To assess the possible relationship between multi-year La Niña frequency and WWV skewness, we take outputs from 33 CMIP6 models47 (Supplementary Table 1) in which data are available in all fields including ocean temperatures, SST, and surface zonal wind stress. These models are forced under historical forcing emission scenarios. Before data analysis, the horizontal grids of each model are regridded to 1° × 1°; the oceanic vertical level is interpolated to upper 300 m with 10 m as interval. Monthly data from 1900 to 1999 are utilized. The oceanic meridional velocity is also utilized to calculate the recharge rate.

Observations

We use ocean temperature data from the Institute of Atmospheric Physics/Chinese Academy of Sciences62 (IAP/CAS) to calculate the observed WWV skewness. SST and surface zonal wind stress are from Hadley Centre Sea Ice and Sea Surface Temperature dataset63 (HadISST) and the National Centre for Environmental Prediction (NCEP)/National Centre for Atmospheric Research (NCAR) reanalysis 1 (ref. 64), respectively. Data covering 1948 onwards are used.

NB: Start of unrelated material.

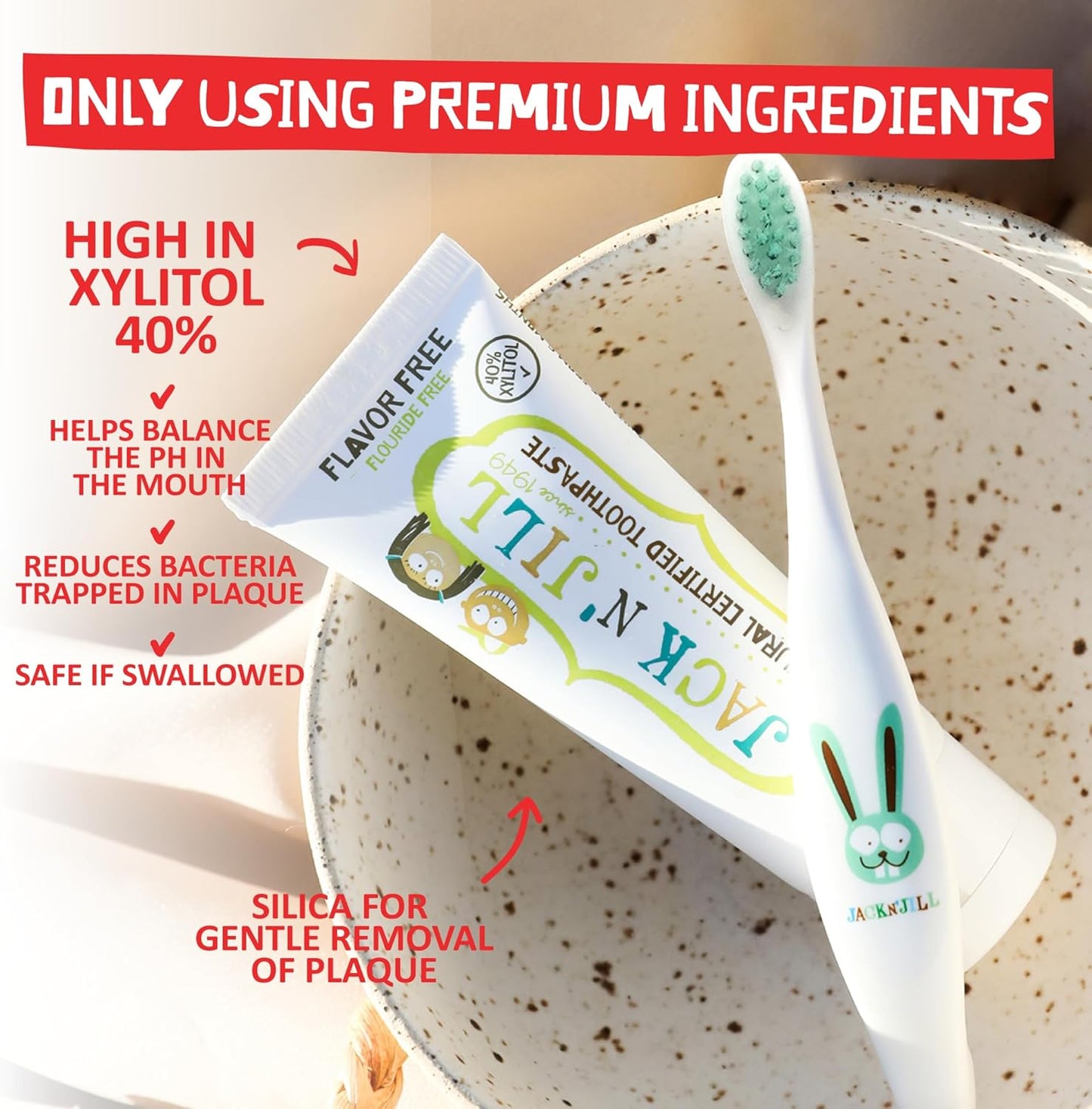 Jack N' Jill Natural Toothpaste for Baby and Infants - Fluoride Free Training Toothpaste, 40% Xylitol, BPA-Free - Flavor Free, 1.76 oz (Pack of 1)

Anomalies are referenced to the climatology over the full data period and then quadratically detrended for both model simulations and observations.

Meridional heat transport and recharge rate

To quantitatively evaluate the recharge and discharge of the tropical Pacific Ocean heat content, we calculated the net meridional heat transport28 as follows:

$$\begin{array}{l}{T}_{v}(depth,longitude)\, =\, -\,\rho CpT(depth,longitude)\,*\, vo(depth,lontitude)@10^{\circ} N\\\,\qquad\qquad\qquad\qquad\qquad\; +\,\rho CpT(depth,longitude)\,*\, vo(depth,lontitude)@10^{\circ} {\rm{S}}\end{array}$$

\({T}_{v}\) is the net meridional heat transport across the tropical Pacific Ocean boundary (10°N and 10°S), indicating the ocean heat content into (positive) and out of (negative) of the tropical Pacific Ocean for any given time point. \(\rho\) is the reference density (1035 kg m−3) and \({Cp}\) is the specific heat capacity of seawater (3985 J kg−1 °C−1). The first term on the right-hand side of the equation is the heat transport by the meridional velocity across 10°N (positive southward); the second term is the heat transport by the meridional velocity across 10°S (positive northward). Integration over the upper 300 m across the Pacific basin generates the recharge rate.

ENSO nonlinearity

For each model, we applied EOF analysis over the detrended tropical Pacific SST (15°S–15°N, 140°E–80°W). The first principal pattern exhibits a warm-anomaly center in the central-eastern Pacific and the second principal pattern shows a warm-anomaly center in the central Pacific and a cool-anomaly center in both the eastern and western parts of the basin56. The ENSO nonlinearity is determined by fitting the two corresponding principal components (PC) with the quadratic function:

$${\rm{PC}}2({\rm{t}})={\rm{\alpha }}{[{\rm{PC}}1({\rm{t}})]}^{2}+{\rm{\beta }}{\rm{PC}}1({\rm{t}})+{\rm{\gamma }}$$

Models with greater negative α systematically produce larger negative SST skewness in the Central Pacific and larger positive SST skewness in the Eastern Pacific, therefore, more realistic ENSO nonlinearity56.

Statistical significance test

A bootstrap method43 is used to evaluate the one-standard-deviation range in Supplementary Fig. 5. For each of La Niña threshold, 33 values from the 33 models are resampled randomly to construct 10,000 realizations of the correlation between multi-year La Niña frequency and WWV skewness. In this random resampling process, a model is allowed to be selected again. The standard deviation of the 10,000 inter-realizations of inter-model correlation coefficient is used for the uncertainty range.